FAQPage schema is structured data that marks up a page's FAQ section (questions and answers) so machines can understand it as Q&A.

G

GA4 Channel Group

A GA4 Channel Group is a Google Analytics feature to classify traffic sources, useful for grouping AI referrals into one reportable bucket.

Grounding

Grounding is tying an AI-generated answer to specific sources so claims can be traced back to evidence.

H

Hallucination

A hallucination is when an AI model produces information that sounds plausible but is incorrect or not supported by sources.

Heading hierarchy

Heading hierarchy is the ordered use of H1 through H6 tags to structure a page's content into a logical outline.

HTTP status code

An HTTP status code is a three-digit number returned by a server to indicate whether a request succeeded, redirected, or failed.

HTTPS

HTTPS (HyperText Transfer Protocol Secure) encrypts the connection between a browser and a server using TLS, protecting data in transit.

I

IndexNow

IndexNow is a protocol that lets you notify participating search engines when URLs change so they can crawl and update them faster.

J

JSON-LD

JSON-LD is a format for adding structured data to a page in a machine-readable way (commonly used for Schema.org).

L

lang attribute

The lang attribute is an HTML attribute on the <html> tag that declares the primary language of the page (e.g. lang="en").

LCP (Largest Contentful Paint)

LCP is a Core Web Vitals metric that measures how long it takes for the largest visible element (image, heading, or text block) to render on screen.
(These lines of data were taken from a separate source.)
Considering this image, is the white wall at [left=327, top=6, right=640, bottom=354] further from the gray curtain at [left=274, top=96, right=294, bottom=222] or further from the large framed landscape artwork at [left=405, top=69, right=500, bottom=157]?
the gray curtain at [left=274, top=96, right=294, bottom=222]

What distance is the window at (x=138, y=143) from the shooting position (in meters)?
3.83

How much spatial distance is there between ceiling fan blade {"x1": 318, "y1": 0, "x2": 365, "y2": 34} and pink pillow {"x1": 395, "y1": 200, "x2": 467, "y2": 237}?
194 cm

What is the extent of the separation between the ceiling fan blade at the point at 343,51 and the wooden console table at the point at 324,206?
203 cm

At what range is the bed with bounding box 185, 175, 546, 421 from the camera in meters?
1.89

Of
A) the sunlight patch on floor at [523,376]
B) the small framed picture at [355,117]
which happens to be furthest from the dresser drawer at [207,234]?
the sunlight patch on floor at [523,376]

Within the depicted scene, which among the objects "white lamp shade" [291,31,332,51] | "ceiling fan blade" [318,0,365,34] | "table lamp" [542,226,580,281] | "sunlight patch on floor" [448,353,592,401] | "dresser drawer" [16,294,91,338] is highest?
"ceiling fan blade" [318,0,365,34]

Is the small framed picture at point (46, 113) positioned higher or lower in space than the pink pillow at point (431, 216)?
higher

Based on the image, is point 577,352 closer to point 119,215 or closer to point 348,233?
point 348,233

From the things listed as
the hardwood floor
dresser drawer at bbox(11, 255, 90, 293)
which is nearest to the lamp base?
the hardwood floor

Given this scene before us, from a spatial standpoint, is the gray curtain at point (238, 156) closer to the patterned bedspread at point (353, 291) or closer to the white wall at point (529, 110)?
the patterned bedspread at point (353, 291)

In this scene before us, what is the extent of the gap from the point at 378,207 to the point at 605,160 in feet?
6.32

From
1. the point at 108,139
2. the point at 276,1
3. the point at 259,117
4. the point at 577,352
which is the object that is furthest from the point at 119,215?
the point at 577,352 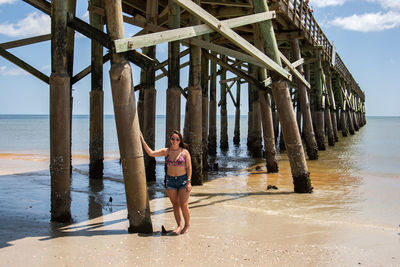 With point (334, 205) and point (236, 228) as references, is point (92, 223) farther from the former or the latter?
point (334, 205)

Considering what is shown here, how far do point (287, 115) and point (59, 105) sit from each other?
13.4 feet

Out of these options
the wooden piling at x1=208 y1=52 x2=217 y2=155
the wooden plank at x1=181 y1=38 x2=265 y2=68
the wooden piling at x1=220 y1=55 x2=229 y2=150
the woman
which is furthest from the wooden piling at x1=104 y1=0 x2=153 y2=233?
the wooden piling at x1=220 y1=55 x2=229 y2=150

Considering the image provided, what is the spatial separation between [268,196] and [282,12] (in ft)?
15.2

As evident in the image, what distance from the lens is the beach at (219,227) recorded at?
3730mm

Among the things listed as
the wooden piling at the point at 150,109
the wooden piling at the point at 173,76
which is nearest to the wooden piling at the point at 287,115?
the wooden piling at the point at 173,76

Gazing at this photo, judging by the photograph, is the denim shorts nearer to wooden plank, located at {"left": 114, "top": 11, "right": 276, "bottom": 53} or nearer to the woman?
the woman

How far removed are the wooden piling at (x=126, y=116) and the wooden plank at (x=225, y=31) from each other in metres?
0.88

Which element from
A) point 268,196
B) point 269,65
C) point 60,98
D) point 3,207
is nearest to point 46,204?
point 3,207

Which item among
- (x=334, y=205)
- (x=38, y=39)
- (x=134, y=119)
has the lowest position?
(x=334, y=205)

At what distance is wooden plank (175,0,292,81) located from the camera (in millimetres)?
4889

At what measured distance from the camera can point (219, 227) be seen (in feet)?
15.9

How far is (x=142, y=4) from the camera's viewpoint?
397 inches

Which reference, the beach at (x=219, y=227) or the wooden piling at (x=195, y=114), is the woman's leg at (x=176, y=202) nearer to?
the beach at (x=219, y=227)

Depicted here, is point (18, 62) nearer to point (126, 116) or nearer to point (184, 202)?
point (126, 116) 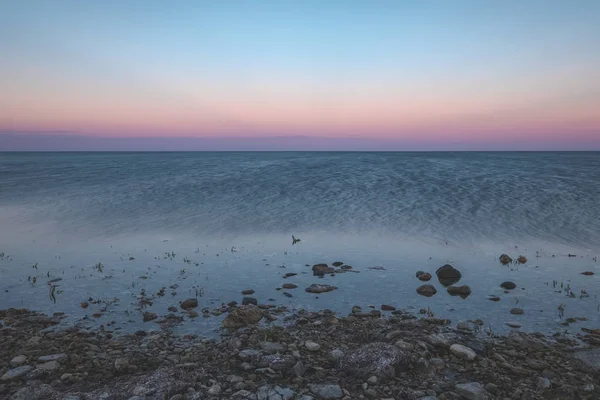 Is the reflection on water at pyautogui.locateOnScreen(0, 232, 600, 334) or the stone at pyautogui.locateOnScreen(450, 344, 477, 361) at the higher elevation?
the stone at pyautogui.locateOnScreen(450, 344, 477, 361)

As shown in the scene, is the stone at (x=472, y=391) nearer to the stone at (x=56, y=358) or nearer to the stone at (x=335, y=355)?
the stone at (x=335, y=355)

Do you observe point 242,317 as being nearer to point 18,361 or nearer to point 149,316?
point 149,316

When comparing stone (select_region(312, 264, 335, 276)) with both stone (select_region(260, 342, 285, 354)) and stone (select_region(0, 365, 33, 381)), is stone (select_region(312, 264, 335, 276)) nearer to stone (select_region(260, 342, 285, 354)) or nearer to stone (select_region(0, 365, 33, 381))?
stone (select_region(260, 342, 285, 354))

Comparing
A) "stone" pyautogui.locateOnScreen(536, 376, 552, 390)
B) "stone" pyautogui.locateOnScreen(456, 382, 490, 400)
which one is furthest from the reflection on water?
"stone" pyautogui.locateOnScreen(456, 382, 490, 400)

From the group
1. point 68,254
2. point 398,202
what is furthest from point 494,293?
point 398,202

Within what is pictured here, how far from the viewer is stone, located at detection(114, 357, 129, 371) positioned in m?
6.78

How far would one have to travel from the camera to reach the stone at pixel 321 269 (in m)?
13.1

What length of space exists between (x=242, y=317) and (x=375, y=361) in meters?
3.85

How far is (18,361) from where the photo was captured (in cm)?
692

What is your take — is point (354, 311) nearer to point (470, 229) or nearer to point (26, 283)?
point (26, 283)

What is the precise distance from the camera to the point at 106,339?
27.0ft

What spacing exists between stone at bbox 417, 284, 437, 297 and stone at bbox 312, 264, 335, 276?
10.9ft

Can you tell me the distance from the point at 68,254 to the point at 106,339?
9635 millimetres

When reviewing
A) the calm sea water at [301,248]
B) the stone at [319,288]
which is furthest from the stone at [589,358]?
the stone at [319,288] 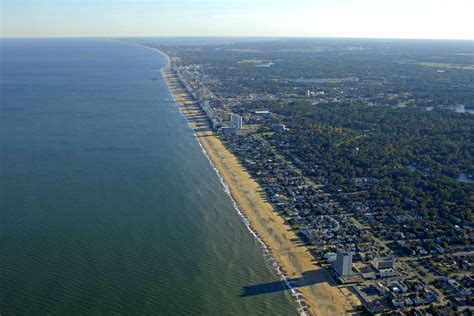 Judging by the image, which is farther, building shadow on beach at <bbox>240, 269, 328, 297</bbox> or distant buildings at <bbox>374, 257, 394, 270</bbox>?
distant buildings at <bbox>374, 257, 394, 270</bbox>

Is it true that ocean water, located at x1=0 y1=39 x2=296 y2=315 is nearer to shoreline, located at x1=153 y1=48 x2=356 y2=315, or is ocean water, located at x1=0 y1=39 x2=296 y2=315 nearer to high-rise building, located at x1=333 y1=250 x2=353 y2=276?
shoreline, located at x1=153 y1=48 x2=356 y2=315

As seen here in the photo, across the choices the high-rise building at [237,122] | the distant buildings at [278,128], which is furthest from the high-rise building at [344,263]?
the high-rise building at [237,122]

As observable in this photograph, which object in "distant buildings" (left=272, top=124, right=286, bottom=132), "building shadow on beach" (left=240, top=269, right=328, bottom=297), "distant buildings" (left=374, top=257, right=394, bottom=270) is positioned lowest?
"building shadow on beach" (left=240, top=269, right=328, bottom=297)

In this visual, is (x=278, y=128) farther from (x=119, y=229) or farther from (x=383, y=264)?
(x=383, y=264)

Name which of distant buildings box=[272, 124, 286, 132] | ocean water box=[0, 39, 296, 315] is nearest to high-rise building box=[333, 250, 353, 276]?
ocean water box=[0, 39, 296, 315]

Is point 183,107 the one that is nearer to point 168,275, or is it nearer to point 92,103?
point 92,103

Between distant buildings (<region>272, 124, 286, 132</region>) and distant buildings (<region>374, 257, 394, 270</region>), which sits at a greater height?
distant buildings (<region>272, 124, 286, 132</region>) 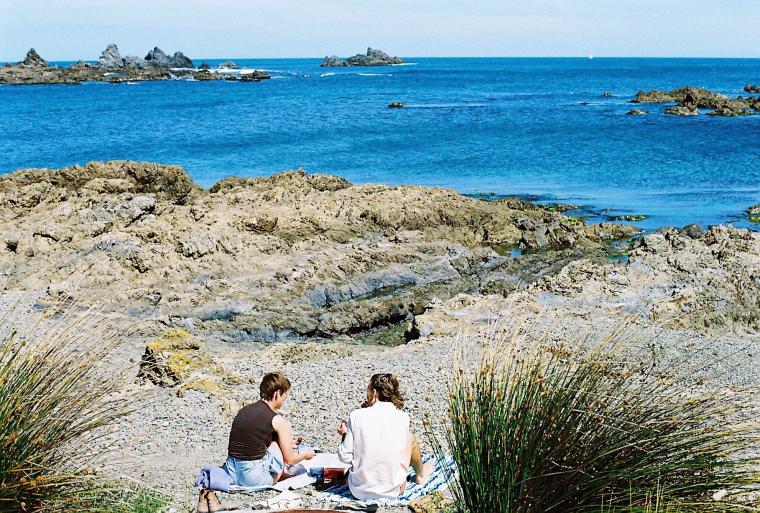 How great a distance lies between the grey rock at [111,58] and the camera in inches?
5812

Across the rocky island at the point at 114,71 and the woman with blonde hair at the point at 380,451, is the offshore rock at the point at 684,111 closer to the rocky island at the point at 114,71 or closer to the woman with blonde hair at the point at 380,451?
the woman with blonde hair at the point at 380,451

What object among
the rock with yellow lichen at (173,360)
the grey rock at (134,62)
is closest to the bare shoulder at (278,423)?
the rock with yellow lichen at (173,360)

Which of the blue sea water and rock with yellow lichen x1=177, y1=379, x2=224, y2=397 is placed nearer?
rock with yellow lichen x1=177, y1=379, x2=224, y2=397

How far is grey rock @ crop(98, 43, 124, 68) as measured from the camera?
147625 mm

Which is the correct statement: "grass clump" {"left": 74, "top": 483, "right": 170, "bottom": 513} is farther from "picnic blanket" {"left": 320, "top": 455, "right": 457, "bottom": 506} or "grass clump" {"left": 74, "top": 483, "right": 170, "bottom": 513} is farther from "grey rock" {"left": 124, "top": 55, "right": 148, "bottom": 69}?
"grey rock" {"left": 124, "top": 55, "right": 148, "bottom": 69}

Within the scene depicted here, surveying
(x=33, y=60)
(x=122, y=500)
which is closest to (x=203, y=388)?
(x=122, y=500)

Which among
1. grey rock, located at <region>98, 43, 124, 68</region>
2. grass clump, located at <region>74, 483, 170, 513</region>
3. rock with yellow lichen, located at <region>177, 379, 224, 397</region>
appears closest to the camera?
grass clump, located at <region>74, 483, 170, 513</region>

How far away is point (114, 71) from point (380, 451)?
150 m

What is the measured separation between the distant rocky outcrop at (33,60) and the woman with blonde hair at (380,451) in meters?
151

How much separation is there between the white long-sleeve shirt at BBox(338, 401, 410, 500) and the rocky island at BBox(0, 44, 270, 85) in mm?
124027

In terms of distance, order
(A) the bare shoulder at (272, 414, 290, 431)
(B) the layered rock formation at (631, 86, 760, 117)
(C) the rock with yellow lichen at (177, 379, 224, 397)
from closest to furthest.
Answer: (A) the bare shoulder at (272, 414, 290, 431), (C) the rock with yellow lichen at (177, 379, 224, 397), (B) the layered rock formation at (631, 86, 760, 117)

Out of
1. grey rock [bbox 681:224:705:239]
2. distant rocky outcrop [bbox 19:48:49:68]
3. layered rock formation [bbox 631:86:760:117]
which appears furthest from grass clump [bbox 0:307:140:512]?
distant rocky outcrop [bbox 19:48:49:68]

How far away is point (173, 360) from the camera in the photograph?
1048cm

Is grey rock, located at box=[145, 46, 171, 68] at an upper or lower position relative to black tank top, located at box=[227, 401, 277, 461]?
upper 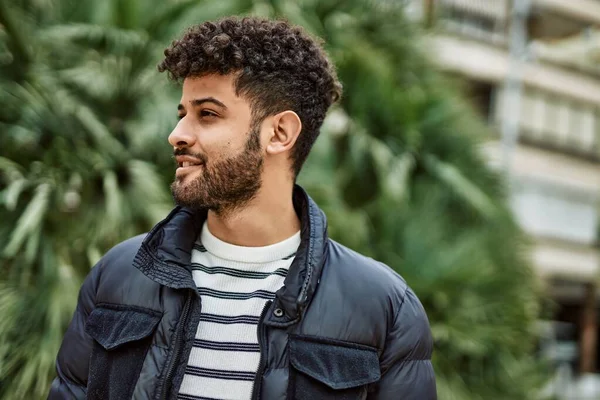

LLM (Large Language Model)

A Large Language Model (LLM) is an AI model trained on vast amounts of text data that can generate human-like text responses.

llms.txt

llms.txt is a proposed convention for publishing a machine-friendly page that directs AI agents to a site's most important content.

M

Mention

A mention is when an AI answer names a brand, product, or entity without linking to it as a source.

Meta robots

Meta robots is an HTML meta tag that gives search engines page-level crawling and indexing instructions (e.g. noindex, nofollow).

Misattribution Rate

Misattribution Rate is how often an AI answer attributes incorrect claims to your brand or content, or confuses you with another vendor.

Mixed content

Mixed content occurs when an HTTPS page loads sub-resources (images, scripts, stylesheets) over insecure HTTP.

N

Noindex

Noindex is a directive (via meta tag or HTTP header) that tells search engines not to include a page in their index.

O

OAI-SearchBot

OAI-SearchBot is OpenAI's crawler used to surface websites in ChatGPT's search features.

P

Paywall

A paywall is an access restriction that blocks visitors from reading page content until they subscribe or pay.

Prompt Set

A prompt set is a fixed list of queries used to benchmark AI search visibility over time.

Prompt Taxonomy

A prompt taxonomy is a classification of prompts by topic cluster, intent type, persona, and funnel stage.

R

Redirect chain

A redirect chain is a sequence of two or more redirects between the original URL and the final destination (e.g. A -> B -> C).

Retrieval

Retrieval is the step where an AI search system selects and pulls relevant documents from the web or a search index before generating an answer.

robots.txt

robots.txt is a site-wide rules file that tells crawlers which paths they are allowed or not allowed to fetch.

S

Schema markup

Schema markup is structured data (usually in JSON-LD format) added to a page to help search engines understand the content type, entities, and relationships.

Search intent

Search intent is the underlying goal behind a user's query (informational, navigational, transactional, or commercial investigation).

Server-side rendering

Server-side rendering (SSR) is a technique where the server generates the full HTML for a page before sending it to the browser, rather than relying on client-side JavaScript.

Share of Voice

Share of Voice measures your visibility relative to competitors across a set of tracked prompts.

Source selection

Source selection is how an AI search system decides which documents to retrieve and which ones to cite in its answer.

T

Title tag

The title tag is an HTML element (<title>) that defines the page's title shown in browser tabs, search results, and social shares.

Training data

Training data is the information used to train an AI model before it is deployed, forming its general knowledge.